Akins students contributed their own “ghost stories,” which were shared at a Peer Assistance Leadership Service statewide conference in an effort to help students overcome some of the troubling things they have already experienced at a young age.

“Our students bring a lot to the table and we must address this stuff in order to help develop them into successful adults,” Interim Principal Brandi Hosack said. “It is our job as educators to make sure that we educate the whole child.”

During a professional development day in February, Hosack challenged Akins staff to come together to improve its structure and curriculum for providing Social and Emotional Learning (SEL) to students.

“Akins needs a program that teaches students that they are worth something, that their life has a purpose,” said Jaimie Phillips, who is president of the PALS group at Akins.

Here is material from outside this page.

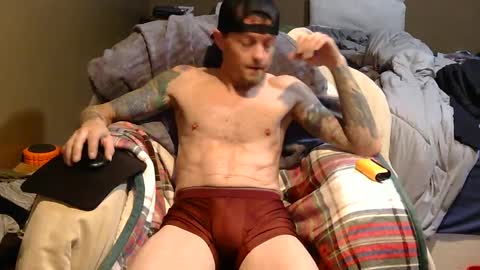 Snapshot of froski666 chatting on January 1, 2025, 11:18 pm froski666 online show from January 1, 2025, 11:18 pm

The campus is supposed to provide SEL training to students during advisory classes.

“I feel like a lot of teachers just think its fluff so they don’t really do the lessons during advisory,” AVID teacher Christina Garcia-Mata.

Hosack is proposing that the campus establish a required course for all freshman to take to help provide them with SEL skills.

“SEL teaches students skills beyond the classroom that they will need in life in order to be successful,” Saxe said. “Every day students bring their problems to school and for some of those students it creates a barrier to learning.”

A jump in enrollment in the PALS classes from 15 to 70 students was another example of evidence to Hosack that there is a high demand for SEL training at Akins.

“This big jump in numbers just helps show the need for classes like PALS,” Hosack said.